Instructions for the task »
The output must be exactly the lines from the "ALO YOGA International" line through the end of the listing below, with no picture included.

Information supplied »
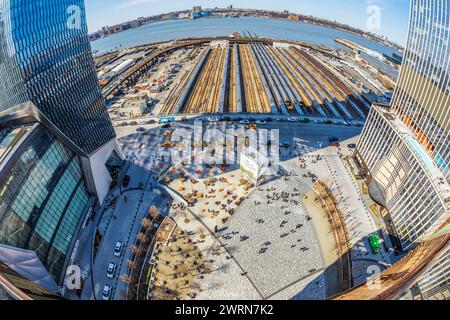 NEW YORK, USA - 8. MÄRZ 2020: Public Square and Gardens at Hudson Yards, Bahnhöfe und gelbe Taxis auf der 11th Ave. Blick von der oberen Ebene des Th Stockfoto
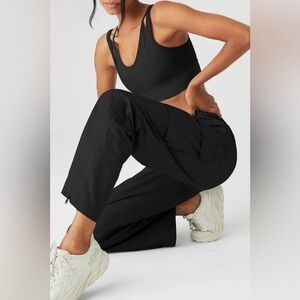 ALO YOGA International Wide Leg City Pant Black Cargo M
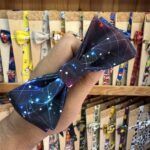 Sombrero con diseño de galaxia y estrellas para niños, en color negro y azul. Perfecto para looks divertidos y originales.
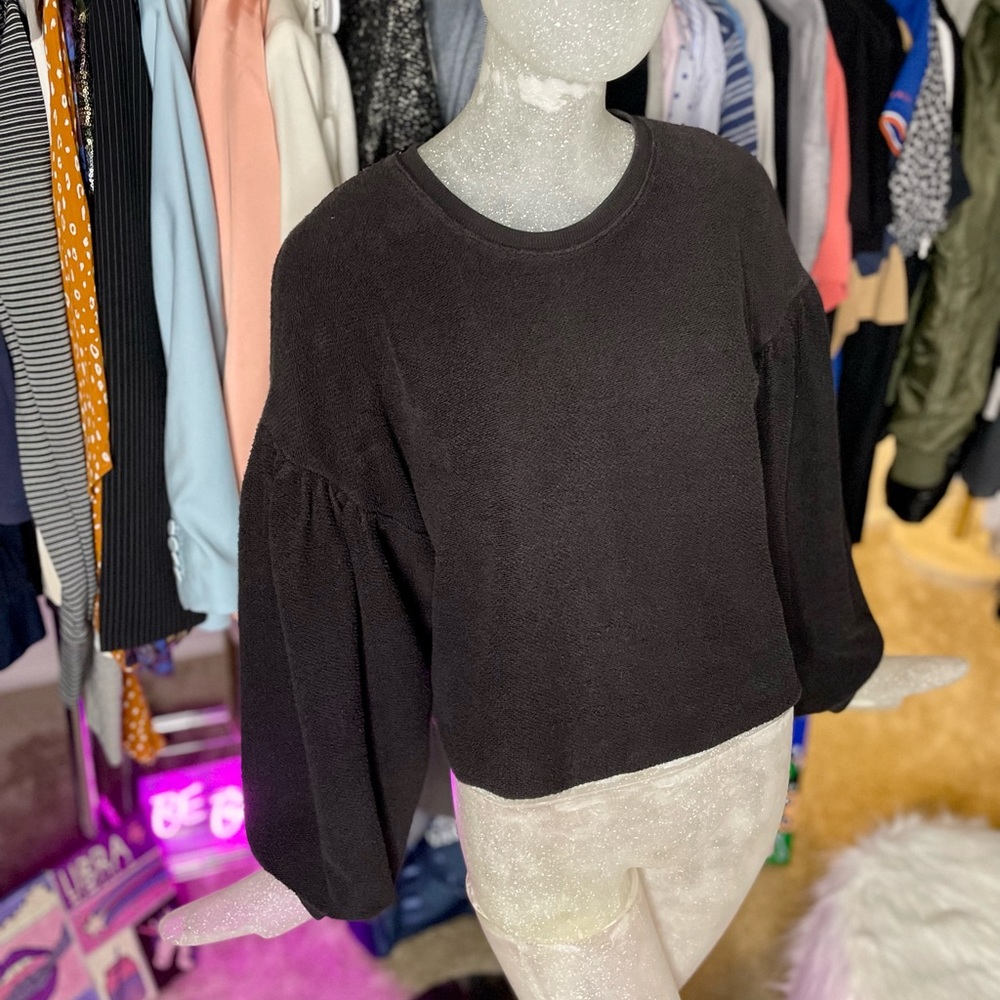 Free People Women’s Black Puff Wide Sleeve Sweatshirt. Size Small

Answer space »
 ALO YOGA International Wide Leg City Pant Black Cargo M
 Sombrero con diseño de galaxia y estrellas para niños, en color negro y azul. Perfecto para looks divertidos y originales.
 Free People Women’s Black Puff Wide Sleeve Sweatshirt. Size Small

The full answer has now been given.